It turns out the food bank movement was launched in 1967 on just this idea. It began in Phoenix, at what's now St. Mary's Food Bank Alliance.
St. Mary's President and CEO Terry Shannon: It's a terrible thing to see food left in a field after a harvest because it didn't get picked up by the machines or the workers. Back in 1967, John van Hengel, who founded St. Mary's and is recognized internationally as the father of food banking, began working with folks in the neighborhood and farmers to be able to accept surplus food from their fields to get it into the food bank and out to the people in need.
John Moe: And in your part of the country, what kind of food what is that?
Shannon: We are a produce rich state in Arizona. Obviously the citrus side of things is a very huge component. If you take the lemons, and oranges and grapefruits this past growing season we had 1.4 million pounds donated through the gleaning efforts of our community. So during that time, we're actually sending three to four semi-loads to our sister food banks all over the West Coast, and in turn we get their surplus during their harvesting season so it could be potatoes from Idaho, apples from Washington.
Moe: It's kind of like taking your extra produce over to your neighbor's house.
Shannon: On a much grander scale.
Moe: So if our listeners have an embarrassment of zucchini, an overwhelming amount of tomatoes--
Shannon: Bring them down! We can absolutely put them to work in the community.
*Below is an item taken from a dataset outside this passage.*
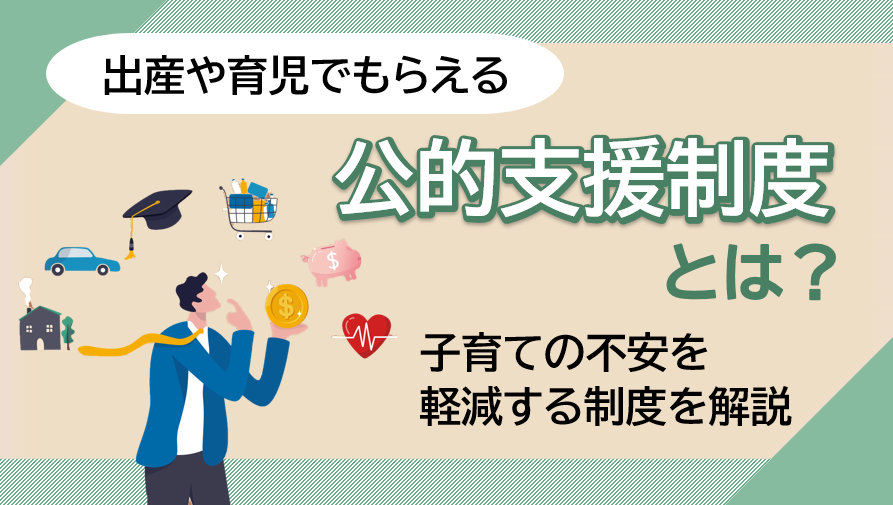 出産や育児でもらえる公的支援制度とは？子育ての不安を軽減する制度を解説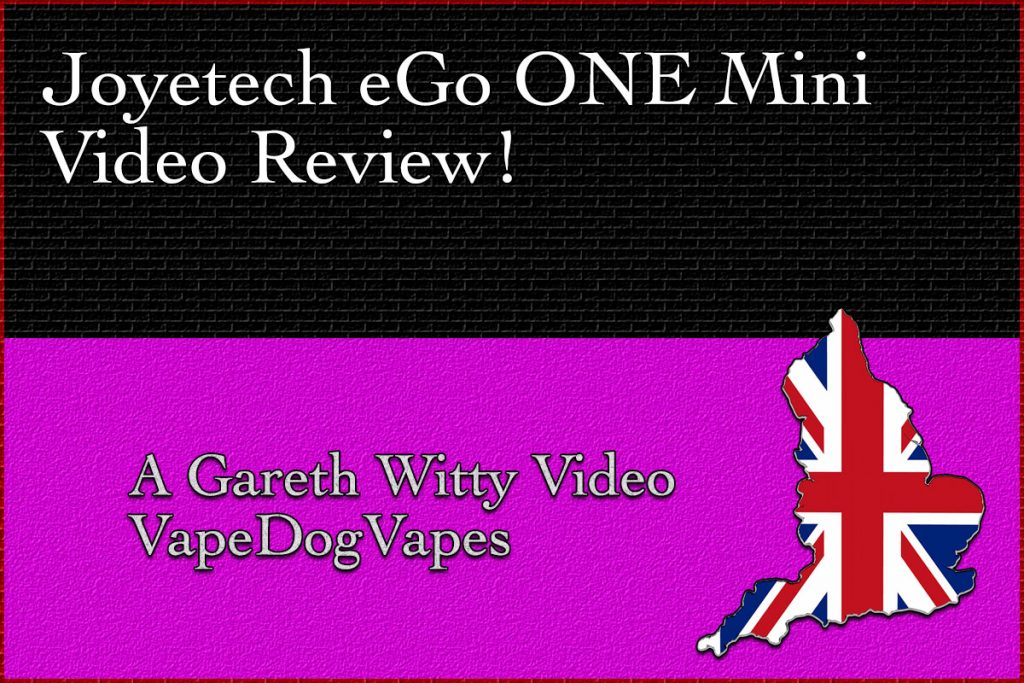 Joyetech eGo ONE Mini by Gareth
A lot of you wrote to thank us for Karen Williams' story on our show a few weeks ago. Williams told about her lifelong struggle with severe scarring that covered her body after a childhood bout with chicken pox.
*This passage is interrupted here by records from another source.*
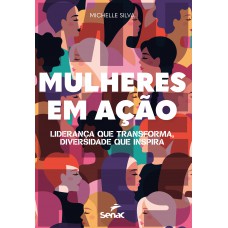 Mulheres Em Ação: Liderança Que Transforma, Diversidade Que Inspira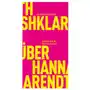 Matthes & seitz verlag Über hannah arendt Sklep on-line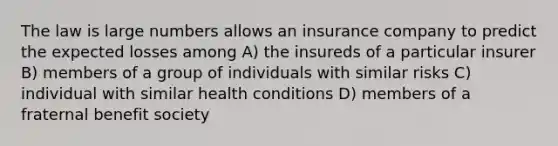 The law is large numbers allows an insurance company to predict the expected losses among A) the insureds of a particular insurer B) members of a group of individuals with similar risks C) individual with similar health conditions D) members of a fraternal benefit society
This is one of the most powerful pieces I have heard on the radio, period. You touched on one of my worst secret guilts, something that shames and horrifies me about myself: the way that I recoil when I see someone whose face is scarred. This is a double secret guilt because I am a nurse. While I would never be overtly cruel to anyone, I am covertly cruel in that the horror I feel does not allow me to see the person beneath.
Karen Williams is an amazing woman whose beauty is deep and wide. Thanks to you for broadcasting her story in her own words and thanks to Karen for sharing her experiences in such a powerful way.
Keta Hodgson
West Hollywood, Calif.
Our story "Escape from Burton Island" about Brooklynite David Maxon's attempt to get back to nature got a mixed reaction. Emil Dansker of Cincinatti called it "a waste of precious time," but Linnea Preston of Seattle wrote to say it reminded her of the time she was in the Peace corps in Nepal, craving American food.
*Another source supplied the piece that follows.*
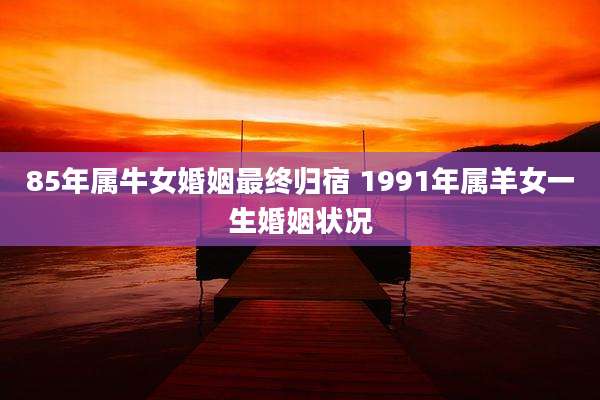 85年属牛女婚姻最终归宿 1991年属羊女一生婚姻状况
Listening to this story transported me back to my time in the Peace Corps in Nepal. When I was in training and then later when I'd get together with the other volunteers in my group, we'd start talking about what we missed about being home in the States. Oddly enough it wasn't things like electricity or running water (though a hot bath was something we all dreamed of) but different types of food. During one Christmas season, we were all invited to our program manager's house in Kathmandu for dinner. She had commissary privileges, so we pigged out on Doritos, salad, spaghetti, ice cream, M&Ms and other delectables from home. It was a blessed break from our usual diet of dal bhat (rice and lentils). I remember eating so much I got sick that night, but oh, the memory of that delicious dinner stayed with me throughout the rest of my time in Nepal. The idea of not being able to have something, even the most insignificant things, makes a person n crazy over time!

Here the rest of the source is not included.